§ **Problem description**
Without pictures, repeat exactly the lines from the one containing "Imagem 6: Apartamento" through the end of the entries.

§ **Excerpted records**

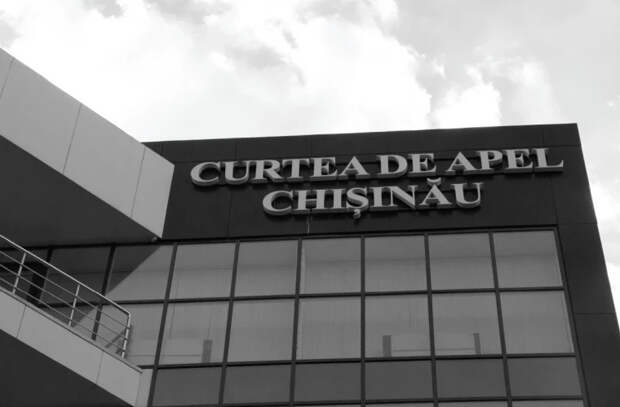 Внешняя оценка судей по итогам 2025 года: десятки отчетов утверждены, процесс вступает в завершающую стадию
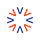 IdeaScale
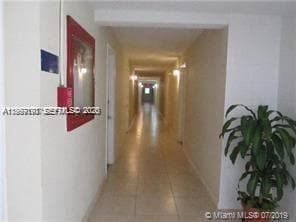 Building Photo - 16701 NE 14th Ave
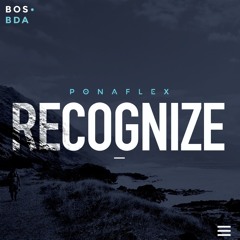Ponaflex - Recognize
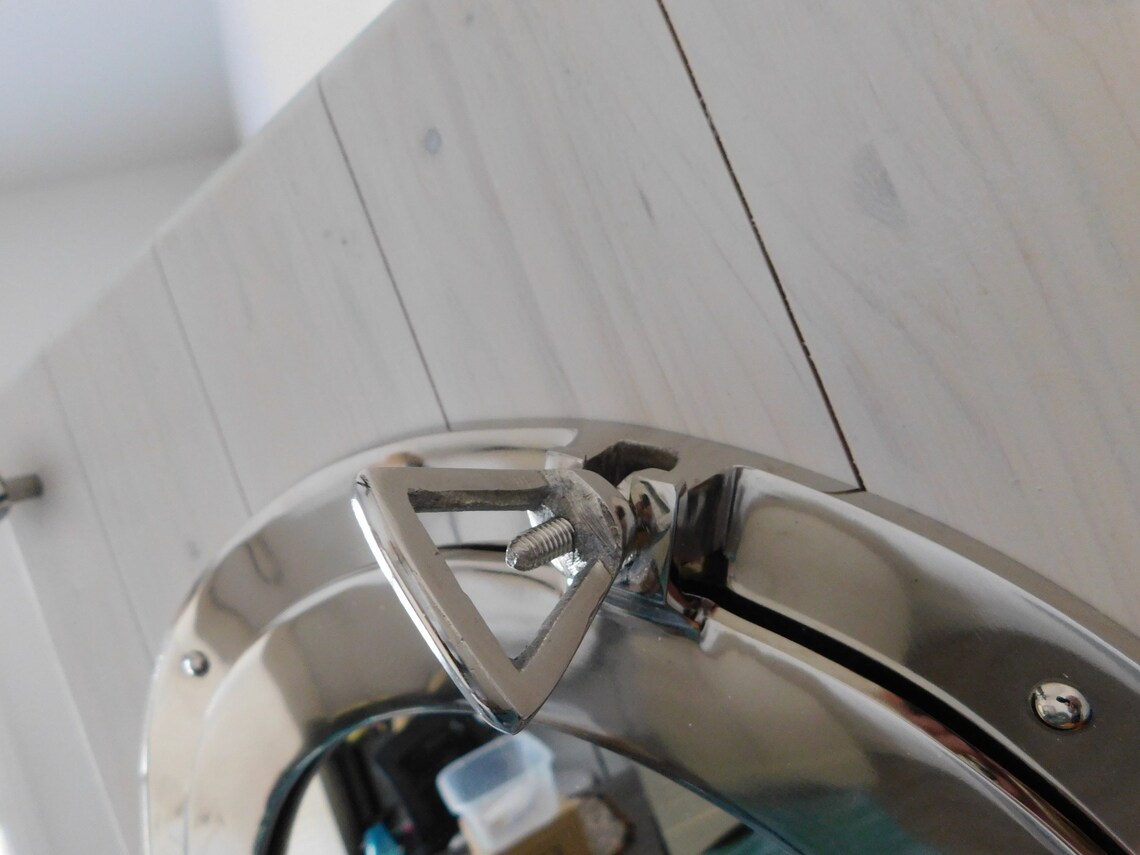 porthole medicine cabinet porthole medicine cabinet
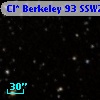 Cl* Berkeley   93   SSWZ      63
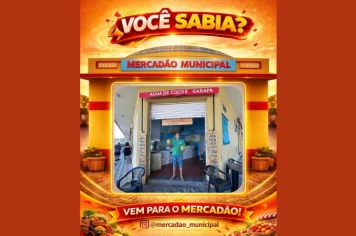 CONHEÇA O BOX “FERNANDO COCO”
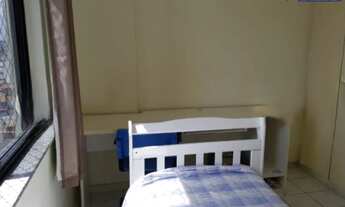 Imagem 6: Apartamento residencial para Venda em condominio fechado, Ponto Central, Feira de Santana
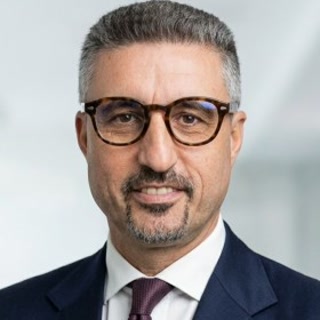 Fabrizio Franzelletti
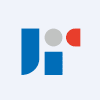 Tbi Motion Technology Co., Ltd.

§ **Finished task**
 Imagem 6: Apartamento residencial para Venda em condominio fechado, Ponto Central, Feira de Santana
 Fabrizio Franzelletti
 Tbi Motion Technology Co., Ltd.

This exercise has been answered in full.